Dustin R. Reagan wrote:
Jeremy V. Krause wrote:


Well if you are interested in making a replica/reproduction of the historic example in the pic. you need to know that this particiular seax is only about 5 inches long. It's general blade shape may be seen as a sort of pattern for larger seaxes as it does follow the general shape of the broken back seax weapon.

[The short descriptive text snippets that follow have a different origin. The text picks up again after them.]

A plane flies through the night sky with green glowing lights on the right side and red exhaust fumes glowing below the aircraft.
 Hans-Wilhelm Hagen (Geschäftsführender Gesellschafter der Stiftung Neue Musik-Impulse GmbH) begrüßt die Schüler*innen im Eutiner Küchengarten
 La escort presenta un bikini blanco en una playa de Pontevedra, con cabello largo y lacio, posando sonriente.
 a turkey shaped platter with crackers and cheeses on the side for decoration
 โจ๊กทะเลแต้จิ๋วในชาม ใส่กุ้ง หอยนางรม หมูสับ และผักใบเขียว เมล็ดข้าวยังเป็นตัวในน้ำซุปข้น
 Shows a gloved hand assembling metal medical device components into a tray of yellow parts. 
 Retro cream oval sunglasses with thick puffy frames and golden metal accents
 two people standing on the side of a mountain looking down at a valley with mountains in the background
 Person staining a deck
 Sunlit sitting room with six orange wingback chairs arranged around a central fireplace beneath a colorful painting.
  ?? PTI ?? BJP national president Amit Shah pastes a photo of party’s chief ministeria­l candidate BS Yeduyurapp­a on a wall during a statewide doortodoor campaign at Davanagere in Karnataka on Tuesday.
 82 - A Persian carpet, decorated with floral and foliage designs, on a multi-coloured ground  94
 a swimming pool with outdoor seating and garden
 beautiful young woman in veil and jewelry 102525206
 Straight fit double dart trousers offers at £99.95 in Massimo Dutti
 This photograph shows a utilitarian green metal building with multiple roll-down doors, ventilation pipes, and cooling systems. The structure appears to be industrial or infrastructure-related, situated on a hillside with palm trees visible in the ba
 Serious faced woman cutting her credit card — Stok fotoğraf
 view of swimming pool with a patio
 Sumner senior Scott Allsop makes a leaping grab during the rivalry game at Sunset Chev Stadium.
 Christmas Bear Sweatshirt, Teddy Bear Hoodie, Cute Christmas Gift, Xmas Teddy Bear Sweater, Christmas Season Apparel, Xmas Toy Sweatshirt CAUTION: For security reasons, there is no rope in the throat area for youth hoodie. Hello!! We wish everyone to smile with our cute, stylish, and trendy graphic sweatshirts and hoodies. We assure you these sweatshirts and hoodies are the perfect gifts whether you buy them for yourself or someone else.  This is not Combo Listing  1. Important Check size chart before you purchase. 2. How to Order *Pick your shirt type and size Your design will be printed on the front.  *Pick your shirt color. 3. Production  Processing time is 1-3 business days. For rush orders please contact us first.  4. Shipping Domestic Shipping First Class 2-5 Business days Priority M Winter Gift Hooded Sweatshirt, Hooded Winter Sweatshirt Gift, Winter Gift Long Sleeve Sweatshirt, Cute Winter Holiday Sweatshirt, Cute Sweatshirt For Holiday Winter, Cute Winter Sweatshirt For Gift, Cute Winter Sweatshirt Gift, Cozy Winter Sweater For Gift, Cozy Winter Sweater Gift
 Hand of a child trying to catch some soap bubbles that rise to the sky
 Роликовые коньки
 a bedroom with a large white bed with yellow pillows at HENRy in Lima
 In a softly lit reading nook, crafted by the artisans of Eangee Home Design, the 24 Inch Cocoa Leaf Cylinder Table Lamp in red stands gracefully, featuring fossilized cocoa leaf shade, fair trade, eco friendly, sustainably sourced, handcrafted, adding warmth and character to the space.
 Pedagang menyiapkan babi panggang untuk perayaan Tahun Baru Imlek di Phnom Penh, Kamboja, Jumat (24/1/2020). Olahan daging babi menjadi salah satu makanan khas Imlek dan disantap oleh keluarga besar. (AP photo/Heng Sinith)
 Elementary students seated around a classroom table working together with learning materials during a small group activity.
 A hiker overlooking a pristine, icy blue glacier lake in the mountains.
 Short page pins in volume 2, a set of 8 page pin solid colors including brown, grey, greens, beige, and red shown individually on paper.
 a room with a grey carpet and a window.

I was, and still may be, interested in having this particular seax made in it's true diminutive size and sharing the same inlay design (which is found on both sides). It would be an expensive little trinket, that's for sure! I bet such a project would be stunning! Along with weapons I do enjoy repros. of eating and utility knives. Wink


Interesting! I wasn't aware of the dimensions of this seax. Do you have any other info on this, aside from the length? Is it 5" in total, or blade length? I may have to try this out, as I have been looking for a small knife pattern that I liked to try my hand at a wrought iron back with steel edge composite (or perhaps a sanmai style construction, with steel in the center). This looks like just the ticket!

Thanks,
Dustin


Yep- it's a small one. THe blade is approx 12 cm. or 5 inches. I don't know how long the seax is including tang. This would certainly make for some delicate inlay work. I was told this measurement by a fellow forumite. That's all I have so no info. on the thickness either, unfortunately.